**YOUR TASK:** Copy the data that follows exactly, and include none of its images.

**DATA IN THIS EXERCISE:**
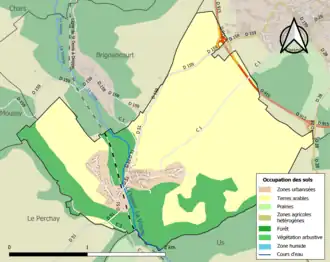 Occupation des sols.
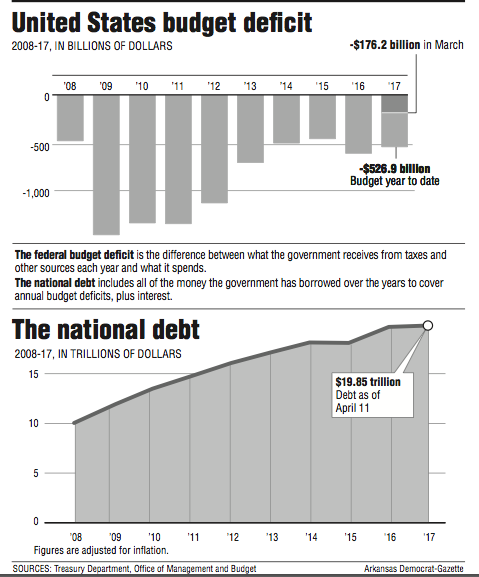 Graphs showing The United States budget deficit and national debt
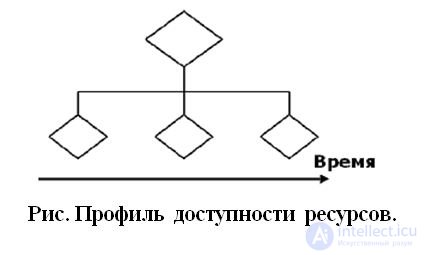 Simulation Planning.  Gann Chart.  network planning model.  Project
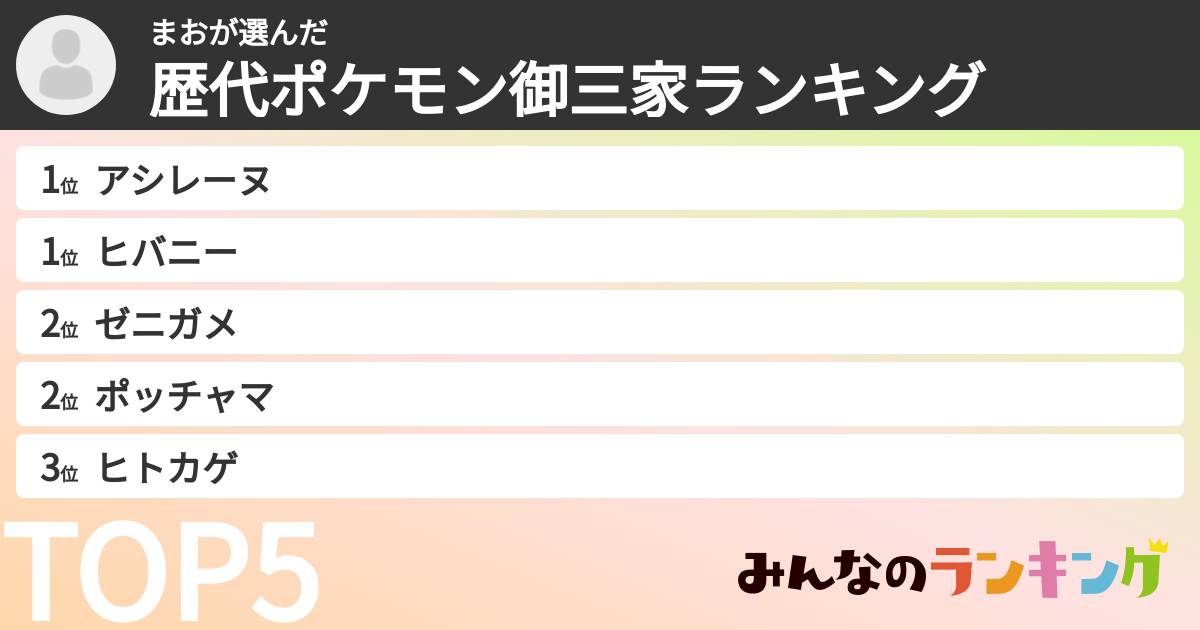 まおさんの「歴代ポケモン御三家ランキング」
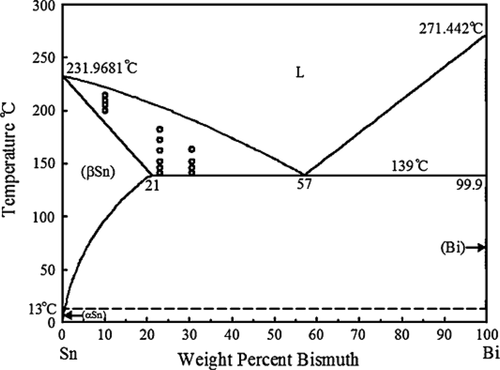 Figure 2. The phase diagram of Sn-Bi binary system. Reprinted with permission from C.- H Yeh, et al. [Citation16]. Copyright 2010 Springer nature.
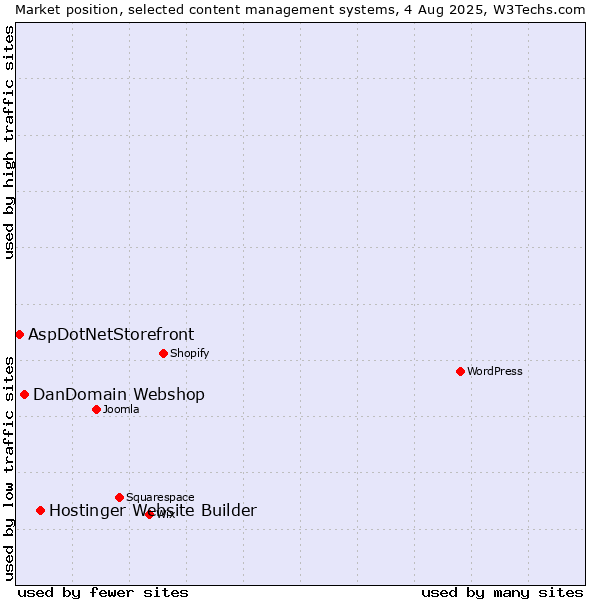 Market position of Hostinger Website Builder vs. DanDomain Webshop vs. AspDotNetStorefront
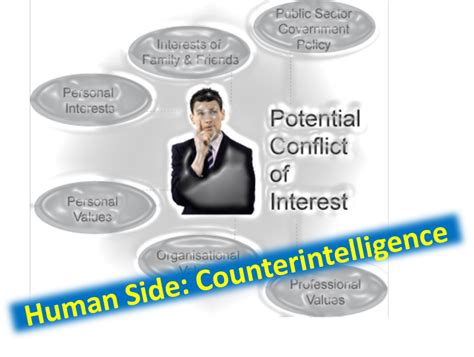 Kent Clizbe - Director, Corporate Counter-intelligence …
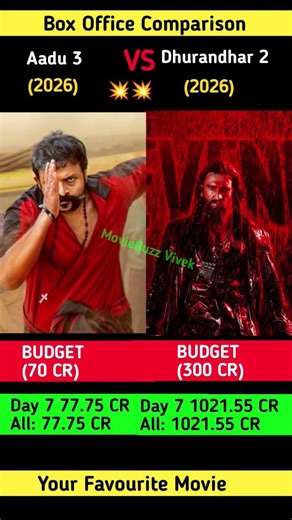 Aadu 3 Box Office Collection| Saiju Kurup,ranveer singh | dhurandhar 2 7th Day Collection Worldwide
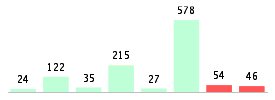 Mixed chart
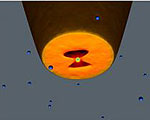 Optical Nano-Tweezers Allow for Manipulation of Nanoparticles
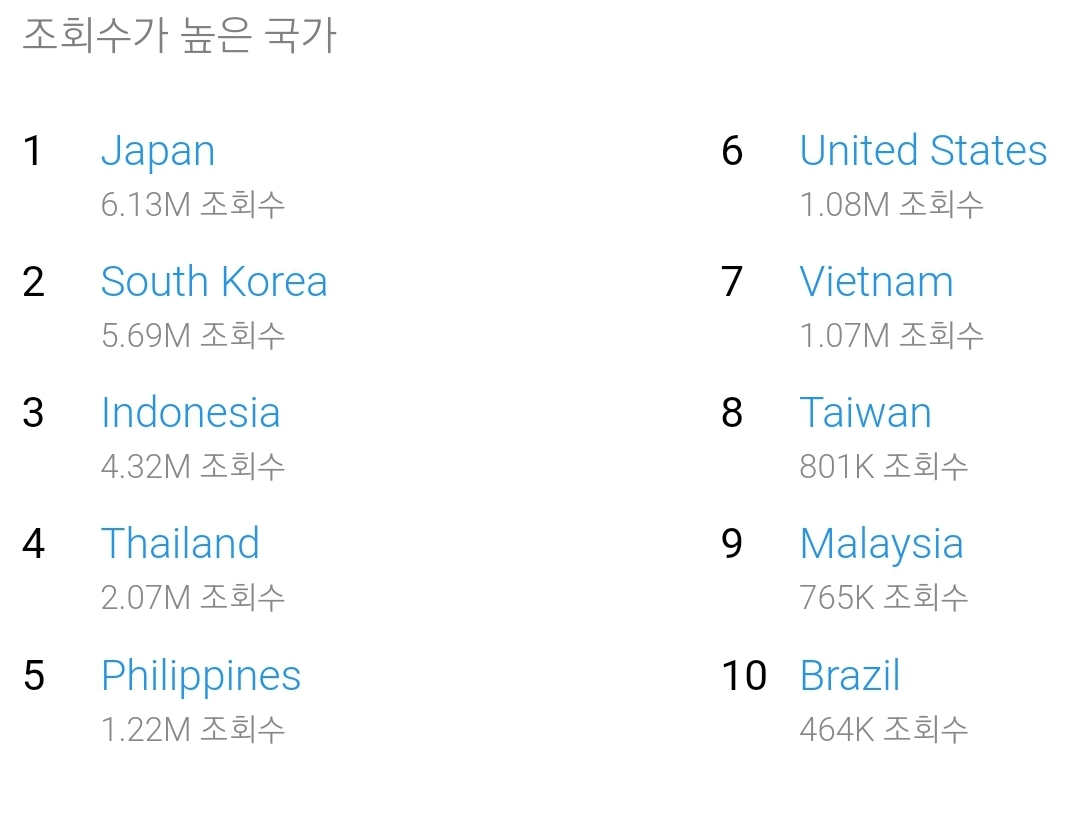 심심해서 찾아본 아이돌 국가별조회수 (최근한달) | 인스티즈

**ANSWER TO THIS TASK:**
 Occupation des sols.
 Graphs showing The United States budget deficit and national debt
 Simulation Planning.  Gann Chart.  network planning model.  Project
 まおさんの「歴代ポケモン御三家ランキング」
 Figure 2. The phase diagram of Sn-Bi binary system. Reprinted with permission from C.- H Yeh, et al. [Citation16]. Copyright 2010 Springer nature.
 Market position of Hostinger Website Builder vs. DanDomain Webshop vs. AspDotNetStorefront
 Kent Clizbe - Director, Corporate Counter-intelligence …
 Aadu 3 Box Office Collection| Saiju Kurup,ranveer singh | dhurandhar 2 7th Day Collection Worldwide
 Mixed chart
 Optical Nano-Tweezers Allow for Manipulation of Nanoparticles
 심심해서 찾아본 아이돌 국가별조회수 (최근한달) | 인스티즈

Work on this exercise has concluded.